Global Convergence of Wasserstein Policy Gradient for Entropy-Regularized Reinforcement Learning
Zhaoyu Zhu, Rui Gao, Shuang Li
Read on arXiv →Key claim
WPG achieves global convergence through Bellman-based arguments.
This paper develops a global convergence theory for Wasserstein policy gradient in reinforcement learning by utilizing the Bellman structure. The key result is that the Bellman recursion induces a favorable geometry that supports global convergence, despite the non-convex nature of the entropy-regularized RL objective.
In plain English
This paper develops a global convergence theory for Wasserstein policy gradient in reinforcement learning by utilizing the Bellman structure. The key result is that the Bellman recursion induces a favorable geometry that supports global convergence, despite the non-convex nature of the entropy-regularized RL objective.

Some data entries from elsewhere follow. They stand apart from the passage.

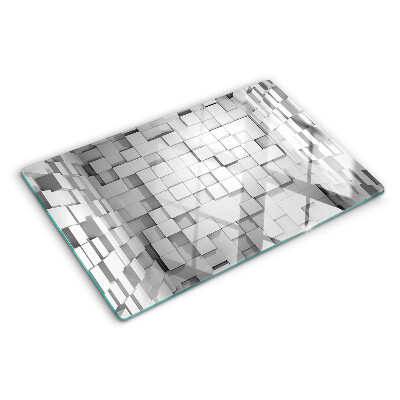 Tagliere in vetro Mosaico grigio-bianco
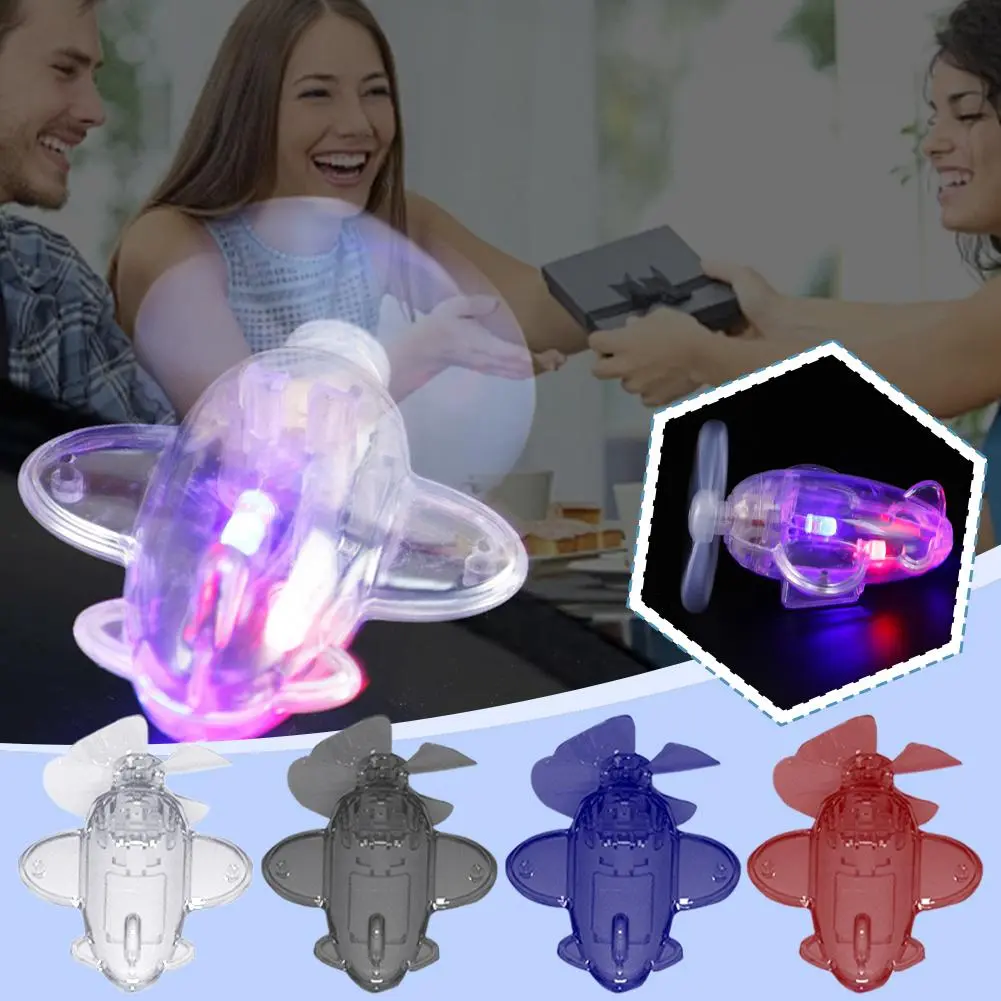 Máy Bay Phát Sáng, Chạy Bằng Gió, Đèn Led Nhỏ Đèn Xe Đạp, Xe Máy, Xe Máy, Máy Bay, Phát Sáng, T7S9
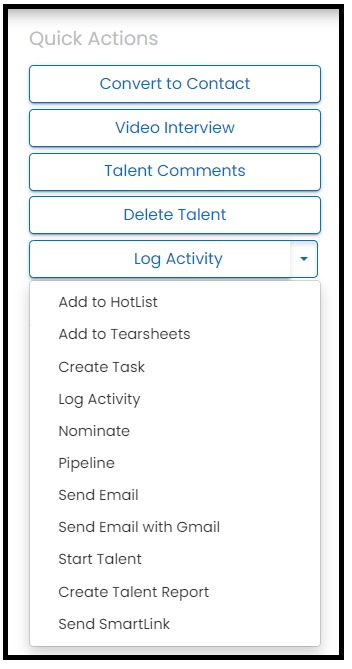 Quick Actions Widget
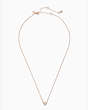 Kate Spade,yours truly pave heart mini pendant necklace,Clear/Rose Gold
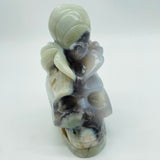 Green Sakura Flower Agate Beetle Skull Carving -Wholesale Crystals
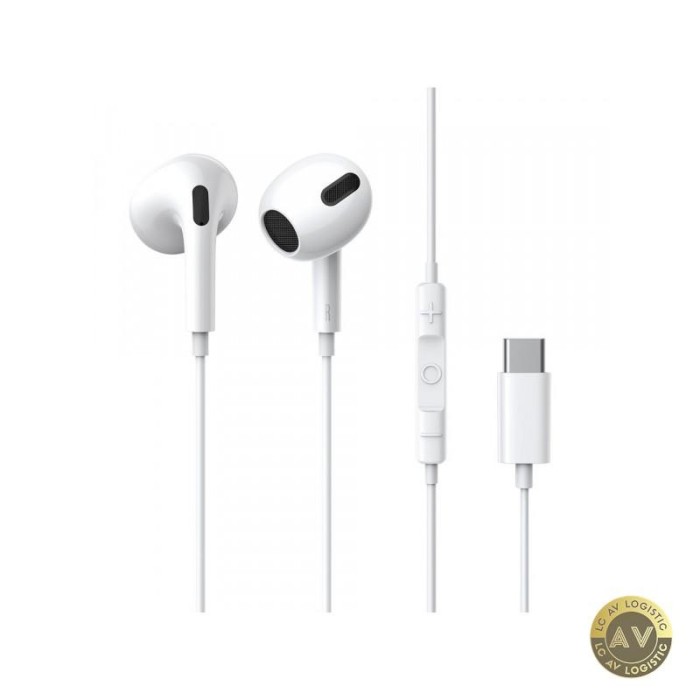 Handsfree USB-C Baseus Encok C17 Alb NGCR010002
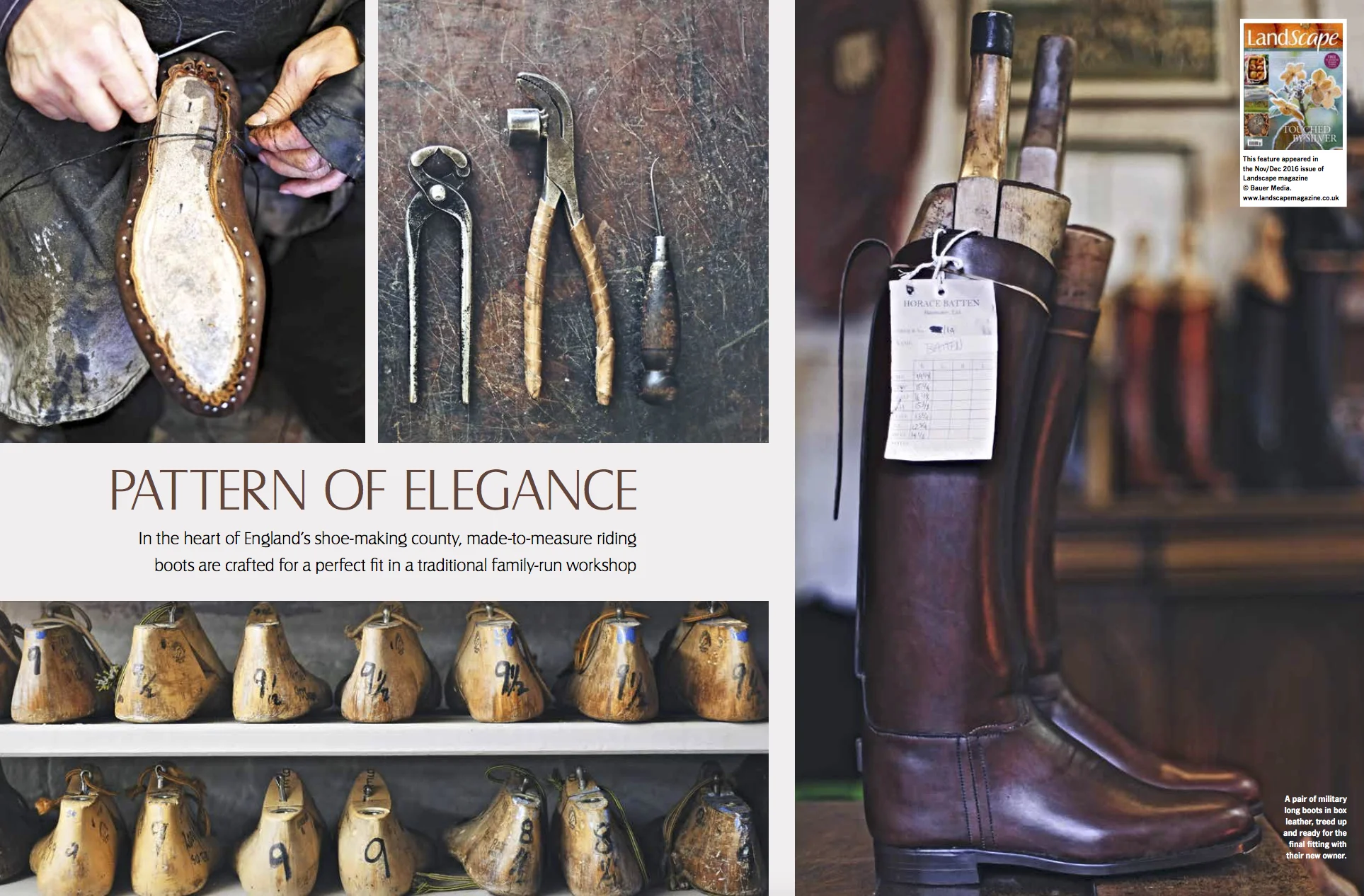 Horace Batten Boots - Landscape Magazine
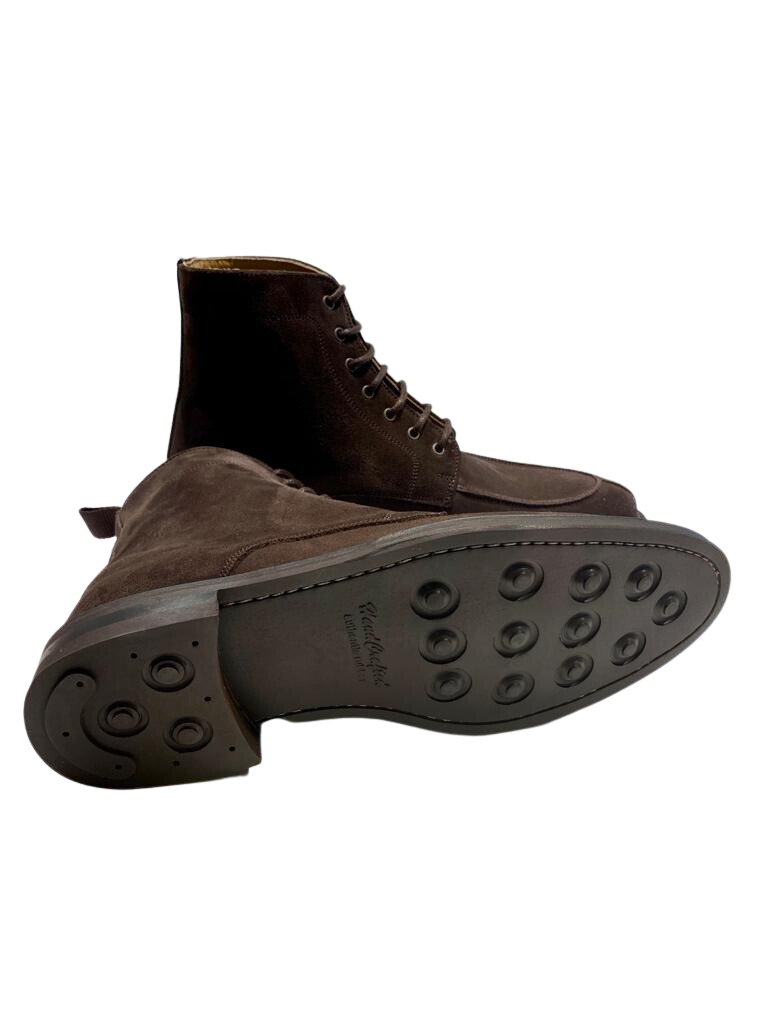MEN Lace-up Boots Suede Brown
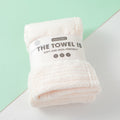 Simple plain towel-off-white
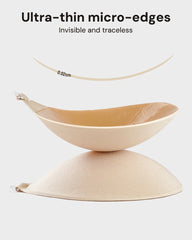 2 Pairs Front Closure Adhesive Push-Up Invisible Bra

The paper introduces a new global convergence theory for Wasserstein policy gradient, leveraging the Bellman structure in a novel way.

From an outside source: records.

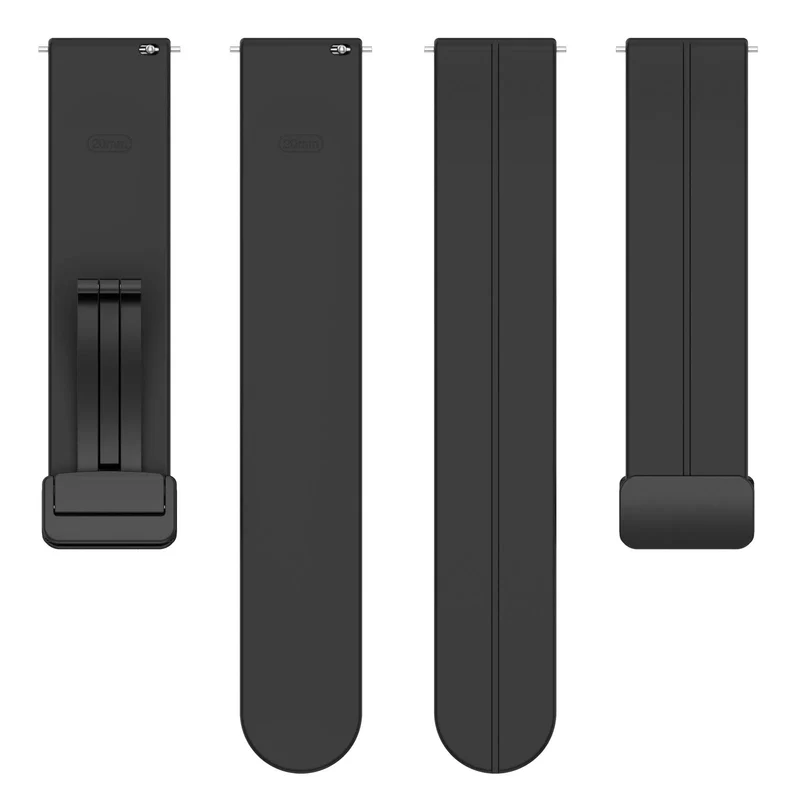 Amazfit Cheetah 2 Ultra Silikonarmband D-Schnalle (Schwarz)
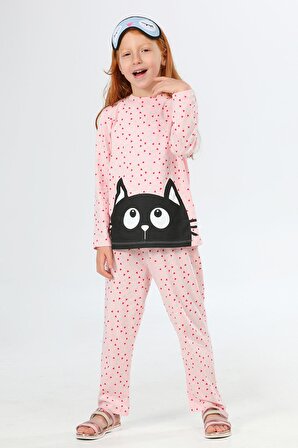 Black Cat Pijama Takım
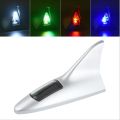 Solar Smart Shark Fin Antenna Car Roof Warning Light - Black,White,Silver & Red. 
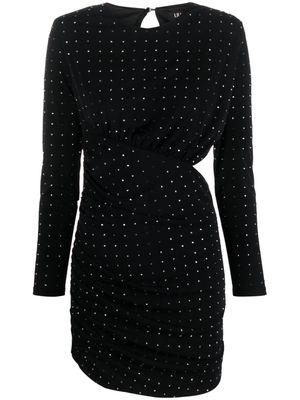 LIU JO rhinestone-embellished cut-out minidress - Black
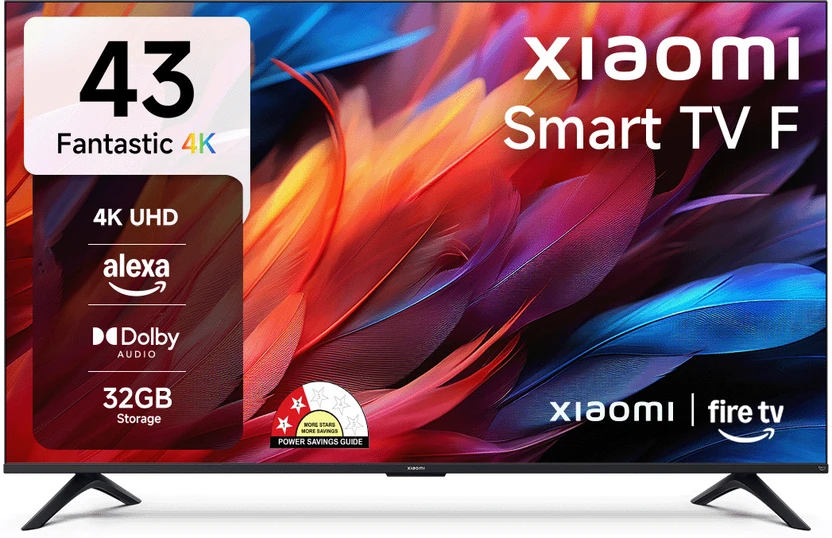 XIAOMI F Series 108 cm (43 inch) Ultra HD (4K) LED Smart Fire TV with Dolby Audio | Box Speaker Flipkart sale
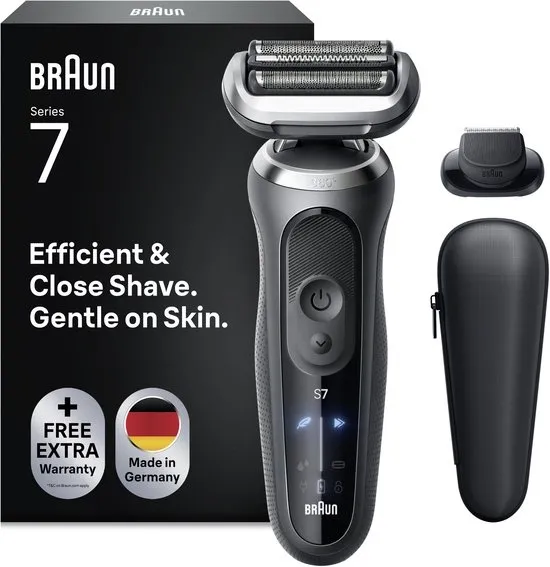 Braun Series 7 72-G1200S - Elektrisch Scheerapparaat voor mannen - Precisie Trimmer Opzetstuk - 100% Waterdicht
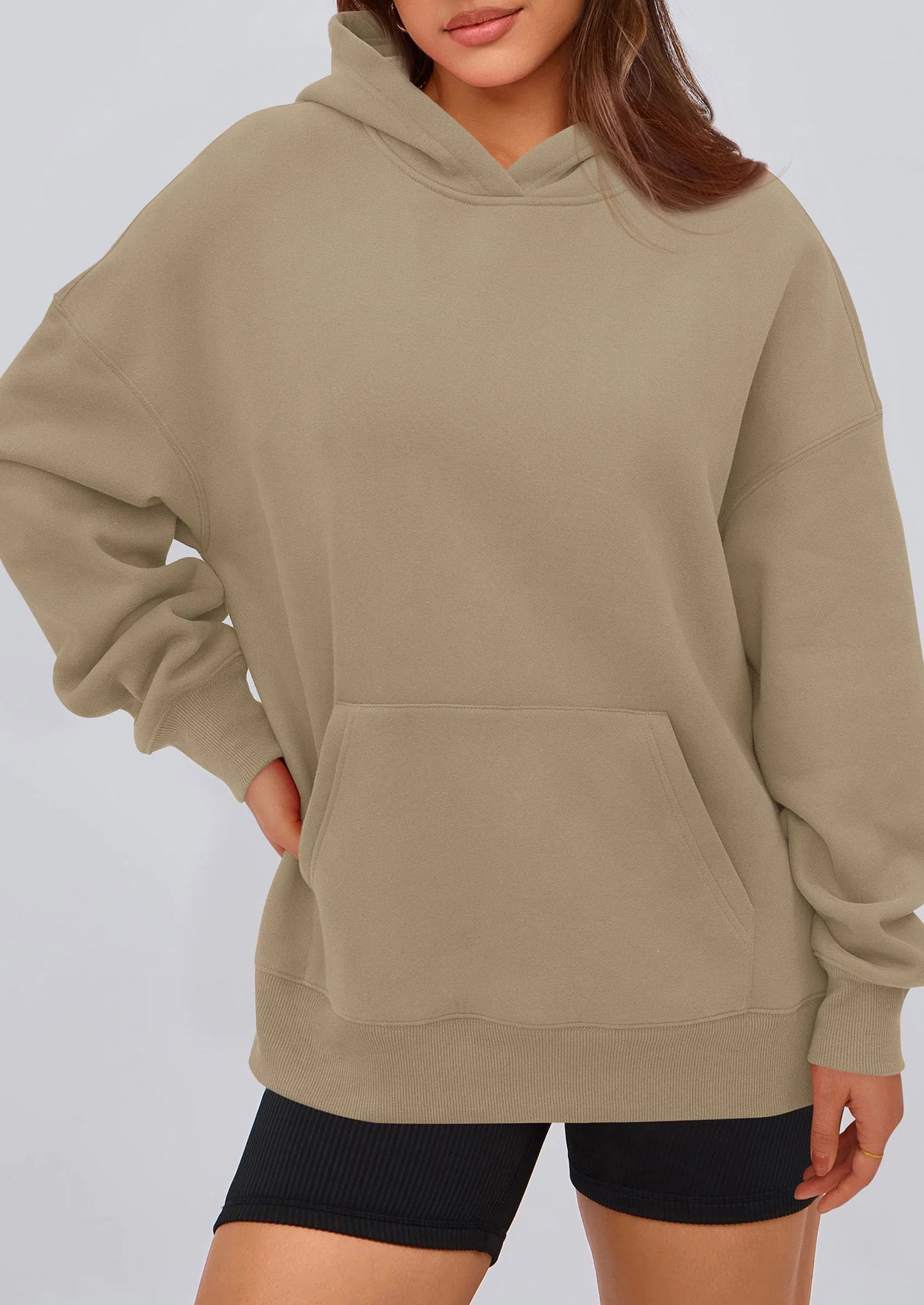 Womens Oversized Hoodies Fleece Hooded Sweatshirts Long Sleeve Pullover Tops Fall Outfits Winter Clothes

The claims are supported by a theoretical framework, though empirical validation is not provided.
Deep reliability assessment
The methodology supports the global convergence of Wasserstein Policy Gradient for entropy-regularized reinforcement learning under specific assumptions, but the practical applicability of these assumptions in real-world scenarios may be overclaimed.
Reproducibility
No open source code or dataset is mentioned in the paper.
Discussion questions
- 1.How does the assumption of uniform log-Sobolev inequality impact the generalizability of the results?
- 2.What are the practical implications of the discretization bias in real-world reinforcement learning applications?
- 3.What experimental results or scenarios would falsify the claimed global convergence of the Wasserstein Policy Gradient?
Key figure
The paper does not provide a specific figure or architectural diagram description.